[TASK DETAILS] The records that follow should be returned exactly, pictures excluded.

Caption-style text data
=== Begin Enclosure ===

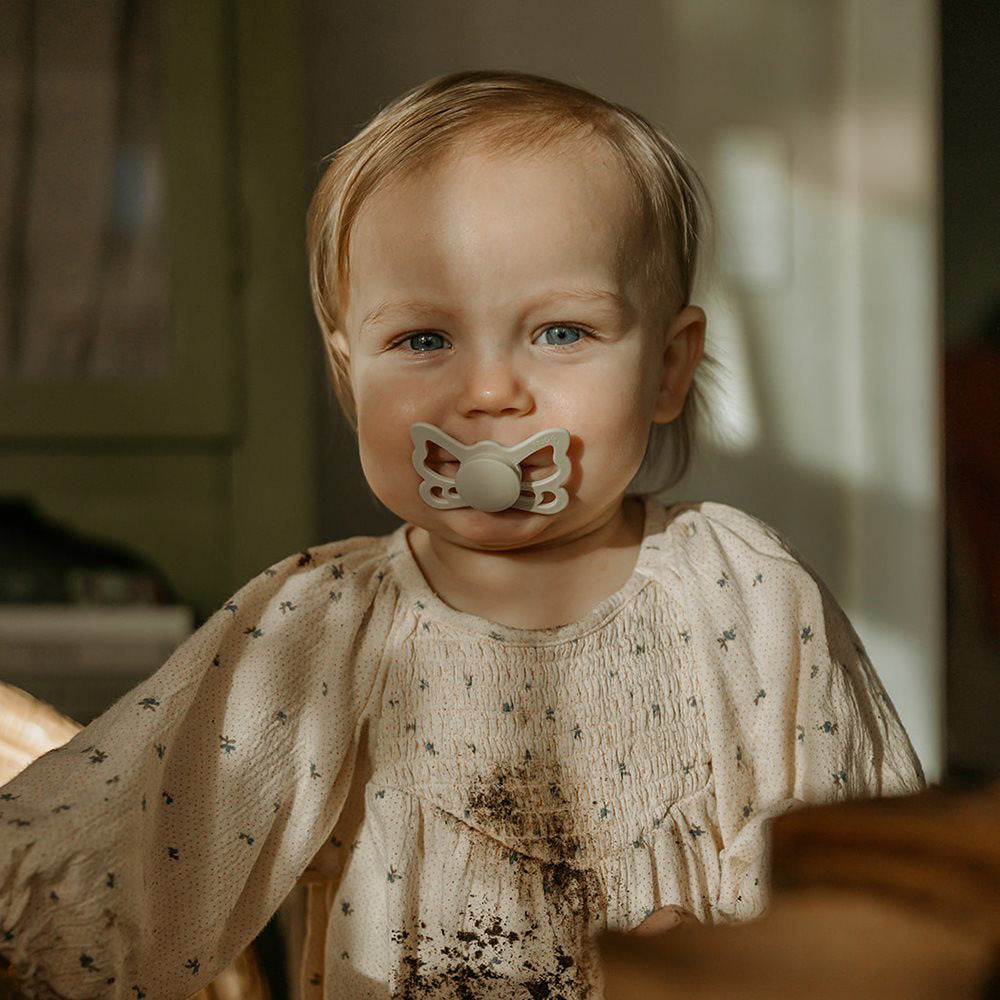 Frigg® Anatomska Duda iz silikona Butterfly Silky Satin/Cream (6-18m) FRIGG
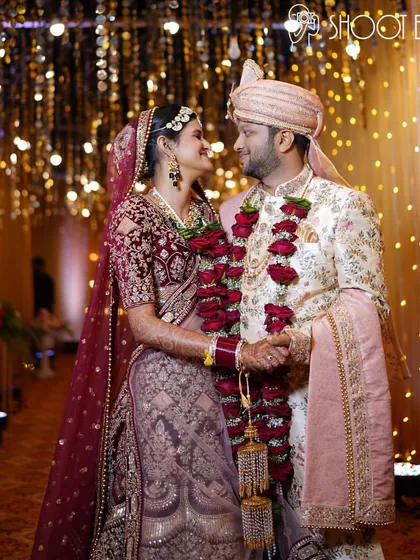 A classic romantic portrait of the couple amidst the warm glow of decorative lights, perfect for a wedding album.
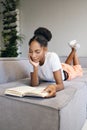 Attractive pensive African American girl lying on sofa dreamily reading book at home Royalty Free Stock Photo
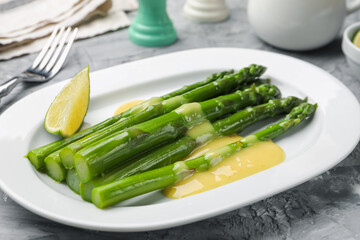 Tasty cooked asparagus served with sauce and lime on grey textured table, closeup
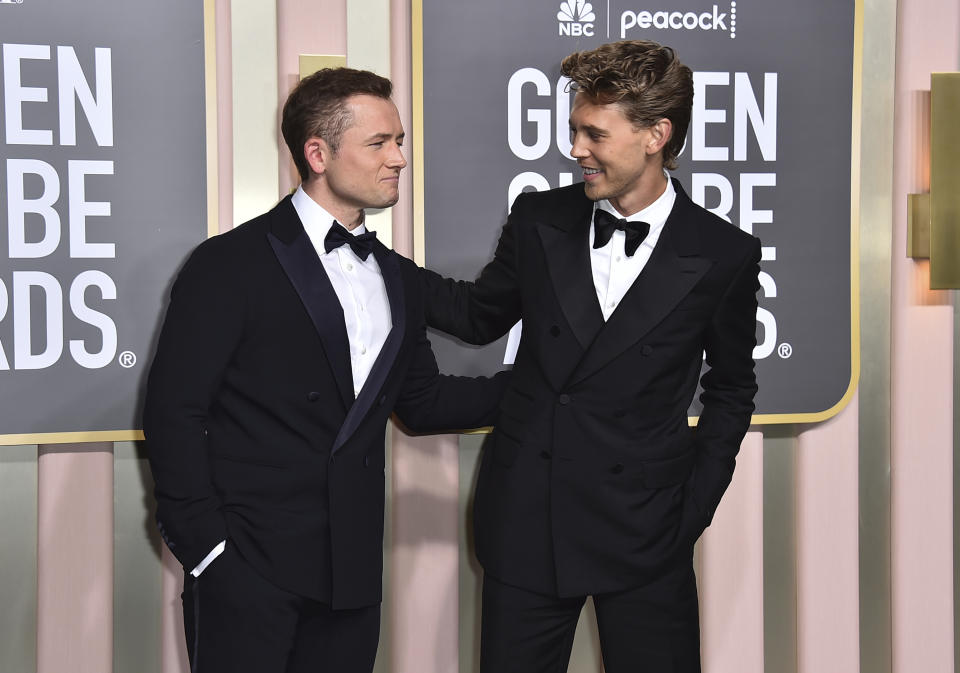 Taron Egerton, left, and Austin Butler arrive at the 80th annual Golden Globe Awards at the Beverly Hilton Hotel on Tuesday, Jan. 10, 2023, in Beverly Hills, Calif. (Photo by Jordan Strauss/Invision/AP)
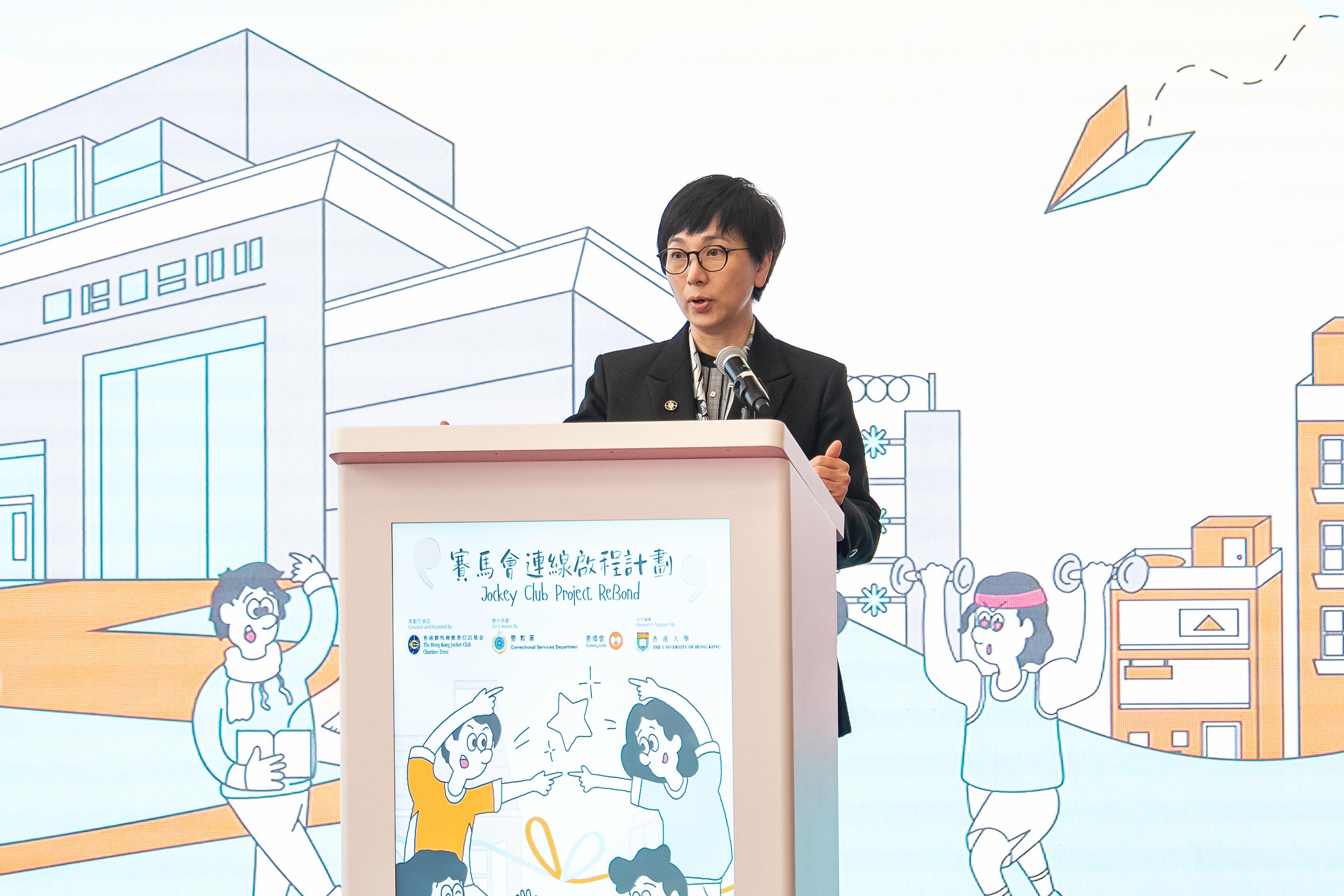 The Correctional Services Department held the Jockey Club Project ReBond kick-off ceremony at Lo Wu Correctional Institution today (October 23). The project provides one-stop rehabilitation services for persons in custody serving sentences of less than one year, covering both their incarceration and post-release periods, and will track and research their rehabilitation situation. Photo shows the Head of Charities (Education & Youth Cluster) of The Hong Kong Jockey Club, Ms Winnie Ying, delivering a speech at the kick-off ceremony.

=== End Enclosure ===

[ANSWER]
 Frigg® Anatomska Duda iz silikona Butterfly Silky Satin/Cream (6-18m) FRIGG
 A classic romantic portrait of the couple amidst the warm glow of decorative lights, perfect for a wedding album.
 Attractive pensive African American girl lying on sofa dreamily reading book at home Royalty Free Stock Photo
 Tasty cooked asparagus served with sauce and lime on grey textured table, closeup
 Taron Egerton, left, and Austin Butler arrive at the 80th annual Golden Globe Awards at the Beverly Hilton Hotel on Tuesday, Jan. 10, 2023, in Beverly Hills, Calif. (Photo by Jordan Strauss/Invision/AP)
 The Correctional Services Department held the Jockey Club Project ReBond kick-off ceremony at Lo Wu Correctional Institution today (October 23). The project provides one-stop rehabilitation services for persons in custody serving sentences of less than one year, covering both their incarceration and post-release periods, and will track and research their rehabilitation situation. Photo shows the Head of Charities (Education & Youth Cluster) of The Hong Kong Jockey Club, Ms Winnie Ying, delivering a speech at the kick-off ceremony.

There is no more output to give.